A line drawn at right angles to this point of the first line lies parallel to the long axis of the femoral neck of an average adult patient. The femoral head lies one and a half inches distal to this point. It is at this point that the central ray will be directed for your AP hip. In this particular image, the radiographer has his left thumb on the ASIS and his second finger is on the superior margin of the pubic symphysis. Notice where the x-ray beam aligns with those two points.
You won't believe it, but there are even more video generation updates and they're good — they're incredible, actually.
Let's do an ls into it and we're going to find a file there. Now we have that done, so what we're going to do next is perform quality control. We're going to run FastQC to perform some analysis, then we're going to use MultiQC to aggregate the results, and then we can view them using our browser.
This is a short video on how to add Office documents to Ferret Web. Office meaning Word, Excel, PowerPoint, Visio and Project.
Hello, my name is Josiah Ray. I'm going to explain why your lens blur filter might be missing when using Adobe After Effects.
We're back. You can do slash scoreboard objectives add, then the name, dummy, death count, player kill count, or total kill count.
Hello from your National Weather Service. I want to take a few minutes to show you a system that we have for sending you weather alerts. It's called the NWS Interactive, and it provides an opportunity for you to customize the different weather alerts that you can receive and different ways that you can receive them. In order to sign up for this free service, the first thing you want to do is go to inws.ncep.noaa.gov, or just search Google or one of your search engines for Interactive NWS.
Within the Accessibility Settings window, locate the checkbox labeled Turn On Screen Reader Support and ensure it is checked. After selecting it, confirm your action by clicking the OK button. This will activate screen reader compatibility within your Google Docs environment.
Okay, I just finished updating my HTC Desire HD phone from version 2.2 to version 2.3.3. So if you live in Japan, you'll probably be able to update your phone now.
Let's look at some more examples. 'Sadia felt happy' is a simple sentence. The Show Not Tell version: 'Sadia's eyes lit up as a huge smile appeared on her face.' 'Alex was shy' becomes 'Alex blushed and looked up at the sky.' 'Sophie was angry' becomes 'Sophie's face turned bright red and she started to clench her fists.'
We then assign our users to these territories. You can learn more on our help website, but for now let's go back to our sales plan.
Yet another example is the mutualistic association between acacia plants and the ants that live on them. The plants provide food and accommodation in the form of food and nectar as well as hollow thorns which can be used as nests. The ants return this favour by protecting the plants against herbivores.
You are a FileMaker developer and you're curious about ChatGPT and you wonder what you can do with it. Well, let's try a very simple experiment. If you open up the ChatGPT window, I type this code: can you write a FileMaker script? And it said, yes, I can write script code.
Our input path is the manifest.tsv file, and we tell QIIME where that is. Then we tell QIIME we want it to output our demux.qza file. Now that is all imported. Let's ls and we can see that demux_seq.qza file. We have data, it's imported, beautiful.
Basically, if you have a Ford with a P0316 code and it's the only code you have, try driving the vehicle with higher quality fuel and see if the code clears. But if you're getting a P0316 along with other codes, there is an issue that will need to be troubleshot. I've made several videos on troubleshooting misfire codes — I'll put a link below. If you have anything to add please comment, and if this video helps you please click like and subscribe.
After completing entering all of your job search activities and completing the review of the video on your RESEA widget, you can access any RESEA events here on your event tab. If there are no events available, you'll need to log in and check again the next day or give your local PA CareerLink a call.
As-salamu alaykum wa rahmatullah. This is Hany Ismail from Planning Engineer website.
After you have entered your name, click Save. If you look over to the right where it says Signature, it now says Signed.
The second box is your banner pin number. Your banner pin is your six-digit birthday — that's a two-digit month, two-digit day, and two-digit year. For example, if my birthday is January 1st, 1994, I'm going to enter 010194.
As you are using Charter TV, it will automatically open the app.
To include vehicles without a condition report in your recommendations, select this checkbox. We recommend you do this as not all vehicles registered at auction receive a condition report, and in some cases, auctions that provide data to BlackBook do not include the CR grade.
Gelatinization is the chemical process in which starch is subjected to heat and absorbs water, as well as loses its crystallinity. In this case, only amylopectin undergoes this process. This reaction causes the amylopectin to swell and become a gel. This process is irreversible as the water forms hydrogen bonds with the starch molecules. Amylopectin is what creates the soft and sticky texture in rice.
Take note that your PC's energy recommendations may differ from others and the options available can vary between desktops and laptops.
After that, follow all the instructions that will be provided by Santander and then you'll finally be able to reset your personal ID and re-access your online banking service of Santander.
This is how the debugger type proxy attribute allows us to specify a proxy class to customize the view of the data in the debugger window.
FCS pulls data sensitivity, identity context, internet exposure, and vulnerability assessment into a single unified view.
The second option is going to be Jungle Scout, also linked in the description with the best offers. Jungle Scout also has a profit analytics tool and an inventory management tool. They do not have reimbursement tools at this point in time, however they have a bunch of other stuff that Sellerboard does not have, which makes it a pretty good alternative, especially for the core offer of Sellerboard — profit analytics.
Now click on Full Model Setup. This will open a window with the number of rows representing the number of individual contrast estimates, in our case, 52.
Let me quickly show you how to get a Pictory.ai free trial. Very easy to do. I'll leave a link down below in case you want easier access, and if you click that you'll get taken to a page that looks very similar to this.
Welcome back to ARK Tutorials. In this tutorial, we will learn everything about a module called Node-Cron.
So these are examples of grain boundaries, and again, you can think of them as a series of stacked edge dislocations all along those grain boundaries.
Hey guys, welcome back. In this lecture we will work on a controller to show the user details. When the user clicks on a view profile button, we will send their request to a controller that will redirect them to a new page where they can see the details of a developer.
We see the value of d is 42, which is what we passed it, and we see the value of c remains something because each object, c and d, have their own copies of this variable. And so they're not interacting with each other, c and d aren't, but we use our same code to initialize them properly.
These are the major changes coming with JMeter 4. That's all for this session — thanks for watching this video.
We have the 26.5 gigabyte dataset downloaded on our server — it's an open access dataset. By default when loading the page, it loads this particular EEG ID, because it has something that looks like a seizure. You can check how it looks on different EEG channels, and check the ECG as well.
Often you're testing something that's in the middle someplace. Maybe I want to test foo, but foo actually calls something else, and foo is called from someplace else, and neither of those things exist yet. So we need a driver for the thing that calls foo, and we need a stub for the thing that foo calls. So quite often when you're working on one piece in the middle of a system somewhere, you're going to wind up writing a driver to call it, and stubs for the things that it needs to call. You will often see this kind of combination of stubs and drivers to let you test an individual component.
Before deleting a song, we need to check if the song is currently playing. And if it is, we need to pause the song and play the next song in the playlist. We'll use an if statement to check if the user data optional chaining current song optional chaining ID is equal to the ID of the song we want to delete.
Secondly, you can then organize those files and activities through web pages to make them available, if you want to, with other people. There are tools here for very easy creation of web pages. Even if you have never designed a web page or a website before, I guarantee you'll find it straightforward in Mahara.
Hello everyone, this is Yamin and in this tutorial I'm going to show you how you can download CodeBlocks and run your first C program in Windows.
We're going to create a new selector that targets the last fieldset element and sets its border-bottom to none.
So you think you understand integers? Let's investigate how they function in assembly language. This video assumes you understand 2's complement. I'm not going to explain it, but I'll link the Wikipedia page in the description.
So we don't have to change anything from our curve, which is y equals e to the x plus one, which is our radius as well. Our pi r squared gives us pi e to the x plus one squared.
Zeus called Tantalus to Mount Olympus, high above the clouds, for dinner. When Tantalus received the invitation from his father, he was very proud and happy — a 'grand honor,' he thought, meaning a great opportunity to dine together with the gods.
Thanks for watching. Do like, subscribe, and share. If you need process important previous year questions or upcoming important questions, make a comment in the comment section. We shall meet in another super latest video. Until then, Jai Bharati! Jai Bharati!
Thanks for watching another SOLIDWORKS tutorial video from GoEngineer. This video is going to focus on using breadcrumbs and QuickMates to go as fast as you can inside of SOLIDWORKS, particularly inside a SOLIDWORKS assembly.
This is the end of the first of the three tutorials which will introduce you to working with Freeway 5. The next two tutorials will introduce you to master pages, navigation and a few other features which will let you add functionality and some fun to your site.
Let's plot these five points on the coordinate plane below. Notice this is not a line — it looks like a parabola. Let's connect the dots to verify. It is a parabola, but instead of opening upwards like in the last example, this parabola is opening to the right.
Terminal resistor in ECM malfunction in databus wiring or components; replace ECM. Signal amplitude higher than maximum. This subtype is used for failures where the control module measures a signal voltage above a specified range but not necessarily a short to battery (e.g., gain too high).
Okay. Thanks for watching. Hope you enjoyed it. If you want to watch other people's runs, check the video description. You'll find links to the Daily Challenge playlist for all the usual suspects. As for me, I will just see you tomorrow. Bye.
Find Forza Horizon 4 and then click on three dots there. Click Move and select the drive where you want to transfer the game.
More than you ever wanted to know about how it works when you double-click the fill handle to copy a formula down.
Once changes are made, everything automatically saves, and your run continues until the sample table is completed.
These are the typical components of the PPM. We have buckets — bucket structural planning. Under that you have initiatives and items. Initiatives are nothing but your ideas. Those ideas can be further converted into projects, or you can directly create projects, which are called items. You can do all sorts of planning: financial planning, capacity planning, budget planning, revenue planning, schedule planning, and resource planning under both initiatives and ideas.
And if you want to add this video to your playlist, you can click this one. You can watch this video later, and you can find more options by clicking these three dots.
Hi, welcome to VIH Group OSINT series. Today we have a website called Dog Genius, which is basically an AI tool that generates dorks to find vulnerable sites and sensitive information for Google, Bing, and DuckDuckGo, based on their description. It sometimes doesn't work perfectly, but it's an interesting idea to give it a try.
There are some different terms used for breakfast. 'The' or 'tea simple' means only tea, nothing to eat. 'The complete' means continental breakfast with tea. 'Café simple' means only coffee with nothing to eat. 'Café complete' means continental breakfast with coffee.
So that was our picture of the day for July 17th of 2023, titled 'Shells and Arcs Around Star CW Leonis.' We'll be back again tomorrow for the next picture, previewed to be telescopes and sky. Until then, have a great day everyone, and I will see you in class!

===

### The problem
In the listing above, how many lines have the string "automatically" in them? Reply with only the figure.

### Result for this task
2